* [Records provided]:
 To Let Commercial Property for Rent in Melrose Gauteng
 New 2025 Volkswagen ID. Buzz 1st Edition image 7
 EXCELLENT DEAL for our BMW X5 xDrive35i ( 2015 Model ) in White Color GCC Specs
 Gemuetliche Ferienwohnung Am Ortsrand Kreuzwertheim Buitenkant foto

==

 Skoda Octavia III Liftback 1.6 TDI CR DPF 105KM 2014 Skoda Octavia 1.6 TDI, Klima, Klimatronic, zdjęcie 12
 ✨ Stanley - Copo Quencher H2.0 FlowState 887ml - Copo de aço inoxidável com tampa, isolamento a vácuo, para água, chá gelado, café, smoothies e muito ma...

* [Task goal]:
Write out only the lines that run from the line containing "To Let Commercial" through the line containing "Gemuetliche Ferienwohnung Am", both included, exactly as they appear above.

* [Answer to this problem]:
 To Let Commercial Property for Rent in Melrose Gauteng
 New 2025 Volkswagen ID. Buzz 1st Edition image 7
 EXCELLENT DEAL for our BMW X5 xDrive35i ( 2015 Model ) in White Color GCC Specs
 Gemuetliche Ferienwohnung Am Ortsrand Kreuzwertheim Buitenkant foto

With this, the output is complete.